Tsirelson's problem and an embedding theorem for groups arising from non-local games

TL;DR

This paper demonstrates that the commuting-operator and tensor-product models for quantum correlations are not equivalent by providing counterexamples using non-local games, and shows that certain related problems are undecidable.

Contribution

It proves the existence of non-local games with perfect commuting-operator strategies but no perfect tensor-product strategies, and embeds arbitrary finitely-presented groups into solution groups.

Findings

Counterexamples to Tsirelson's problem using non-local games.

Embedding of any finitely-presented group into solution groups.
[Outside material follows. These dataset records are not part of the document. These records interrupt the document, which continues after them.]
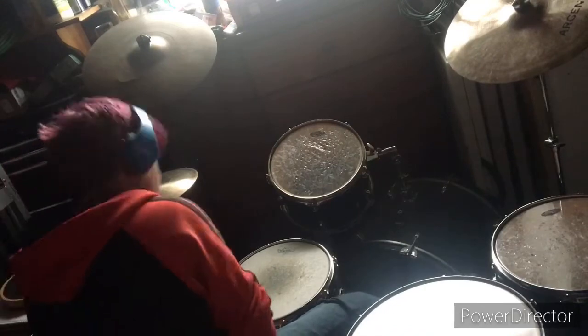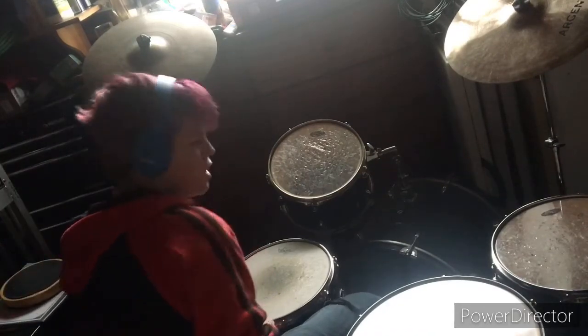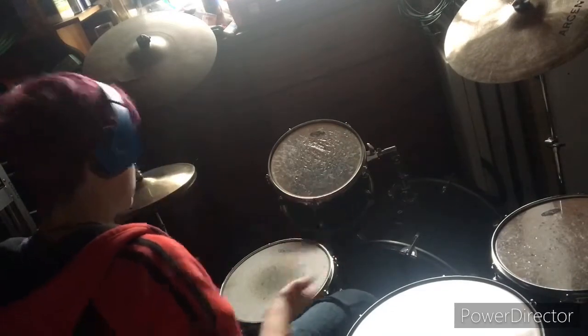Alright, so the drum fill at the end I messed up on, because I'm still working on the beat, but I almost got it down, so there you go. Here's the drum set.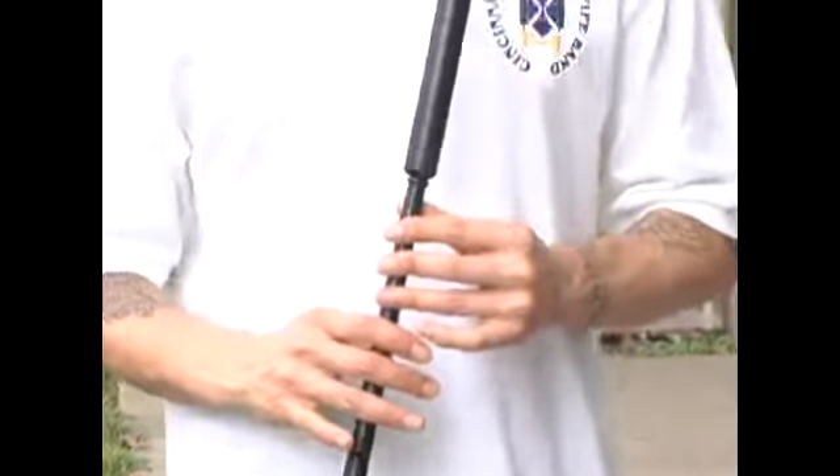Now those are two good exercises to practice with just using your right hand.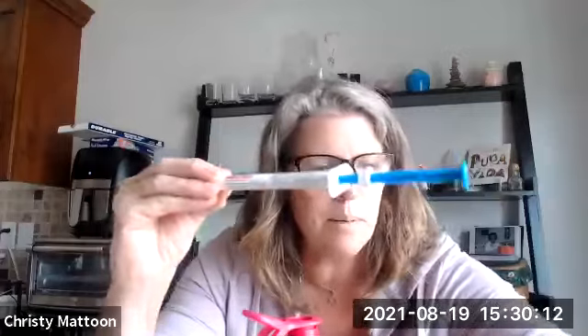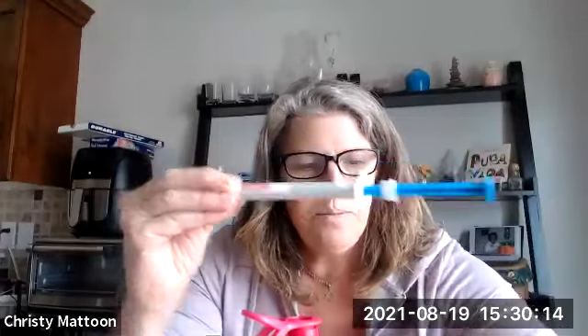I was really careful to try and have stuff available that was easy to use, and this happened to be one of the things. So I'm going to show you exactly what this looks like. They're both kind of the same, a little bit different, but this is what you're going to see — a syringe like this. There's usually a cap on the top of it.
Undecidability of the perfect strategy problem for linear system games.

Abstract

Tsirelson's problem asks whether the commuting operator model for two-party quantum correlations is equivalent to the tensor-product model. We give a negative answer to this question by showing that there are non-local games which have perfect commuting-operator strategies, but do not have perfect tensor-product strategies. The weak Tsirelson problem, which is known to be equivalent to Connes embedding problem, remains open. The examples we construct are instances of (binary) linear system games. For such games, previous results state that the existence of perfect strategies is controlled by the solution group of the linear system. Our main result is that every finitely-presented group embeds in some solution group. As an additional consequence, we show that the problem of determining whether a linear system game has a perfect commuting-operator strategy is undecidable.